私自身、全くといって体力がないためにあっという間に息が上がってしまった。
ココナちゃんも同じようで壁に背を預けながら息を整えている。
「い、いきなりごめんなさい……!」
私が慌てて謝るとココナちゃんはもういいよ、と言った。
「もう帰ろ、私疲れたし」
「うん……」
私達は駐屯場へゆっくりとした足どりで向かった。
***
「ククッ……」
少しからかっただけで慌てて店を飛び出していったリーシャに可笑しくなり俺は上機嫌でグラスの酒を煽った。
「貴方という人は……どうしてチャンスを潰すんですか……」
ペンギンが俺の隣へやってきて呆れたようにため息を付いた。
「なに言ってる。
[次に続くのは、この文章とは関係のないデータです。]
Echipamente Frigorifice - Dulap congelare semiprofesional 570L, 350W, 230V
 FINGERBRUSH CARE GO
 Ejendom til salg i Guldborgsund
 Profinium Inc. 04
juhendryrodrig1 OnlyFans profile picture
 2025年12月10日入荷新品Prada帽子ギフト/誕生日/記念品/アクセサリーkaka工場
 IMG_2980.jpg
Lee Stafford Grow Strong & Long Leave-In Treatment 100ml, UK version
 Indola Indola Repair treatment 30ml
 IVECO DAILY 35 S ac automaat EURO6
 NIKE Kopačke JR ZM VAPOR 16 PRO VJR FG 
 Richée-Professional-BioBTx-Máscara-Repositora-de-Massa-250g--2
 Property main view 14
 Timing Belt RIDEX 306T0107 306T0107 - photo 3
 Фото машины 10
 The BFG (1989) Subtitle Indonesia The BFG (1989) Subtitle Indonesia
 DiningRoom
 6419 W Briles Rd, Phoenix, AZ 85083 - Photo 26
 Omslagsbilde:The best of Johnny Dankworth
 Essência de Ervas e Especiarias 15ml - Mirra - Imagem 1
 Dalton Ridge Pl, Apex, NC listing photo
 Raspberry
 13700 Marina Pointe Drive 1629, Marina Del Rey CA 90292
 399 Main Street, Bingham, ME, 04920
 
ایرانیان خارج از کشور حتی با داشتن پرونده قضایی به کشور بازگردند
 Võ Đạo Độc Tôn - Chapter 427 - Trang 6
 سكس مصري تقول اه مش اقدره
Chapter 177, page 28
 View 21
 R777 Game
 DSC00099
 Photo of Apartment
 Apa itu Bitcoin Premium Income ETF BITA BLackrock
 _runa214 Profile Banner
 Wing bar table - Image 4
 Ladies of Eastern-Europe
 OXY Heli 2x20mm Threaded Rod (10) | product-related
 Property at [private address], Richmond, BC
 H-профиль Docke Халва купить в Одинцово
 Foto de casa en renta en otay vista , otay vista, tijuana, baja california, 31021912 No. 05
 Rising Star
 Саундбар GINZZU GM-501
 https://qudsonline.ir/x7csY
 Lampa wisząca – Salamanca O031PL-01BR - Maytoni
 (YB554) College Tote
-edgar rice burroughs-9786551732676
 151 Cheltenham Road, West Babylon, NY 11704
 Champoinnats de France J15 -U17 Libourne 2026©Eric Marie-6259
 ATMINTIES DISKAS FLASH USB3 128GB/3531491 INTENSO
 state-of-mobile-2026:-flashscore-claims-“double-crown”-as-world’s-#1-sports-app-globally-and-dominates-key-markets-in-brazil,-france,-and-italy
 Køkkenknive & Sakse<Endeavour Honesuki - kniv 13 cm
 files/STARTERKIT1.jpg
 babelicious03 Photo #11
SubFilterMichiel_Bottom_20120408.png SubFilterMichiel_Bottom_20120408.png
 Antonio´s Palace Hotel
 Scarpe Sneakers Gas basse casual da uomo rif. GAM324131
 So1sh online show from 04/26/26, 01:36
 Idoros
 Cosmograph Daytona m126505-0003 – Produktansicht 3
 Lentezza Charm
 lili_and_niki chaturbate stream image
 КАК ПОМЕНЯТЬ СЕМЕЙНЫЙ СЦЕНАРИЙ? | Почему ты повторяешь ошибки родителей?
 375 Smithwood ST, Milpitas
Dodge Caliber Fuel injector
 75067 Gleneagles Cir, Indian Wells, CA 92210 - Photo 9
まだまだ時間はある」
俺がペンギンにニヤリと口角を上げながら言うと微かに驚いた顔をした。
「本当に惚れたんですね……」
「フフ……今更それを聞くのか?」
ペンギンの言葉に俺は信じていなかったのか、と内心薄く笑った。
「はい、なんせ船長は女を取っ替え引っ替えでしたから」
そうこいつは無表情で言った。
「……そうだったな」
そんなペンギンに俺は苦笑いするしかなかった。
人を好きになるとこんなにも変わるものか、と自分も、そしてクルー達誰もがそう思った事だろう。
「出会い方からしてまるで本の中みたいだったからな……」
俺がぽつりと呟くとペンギンは答えずに静かに聞いていた。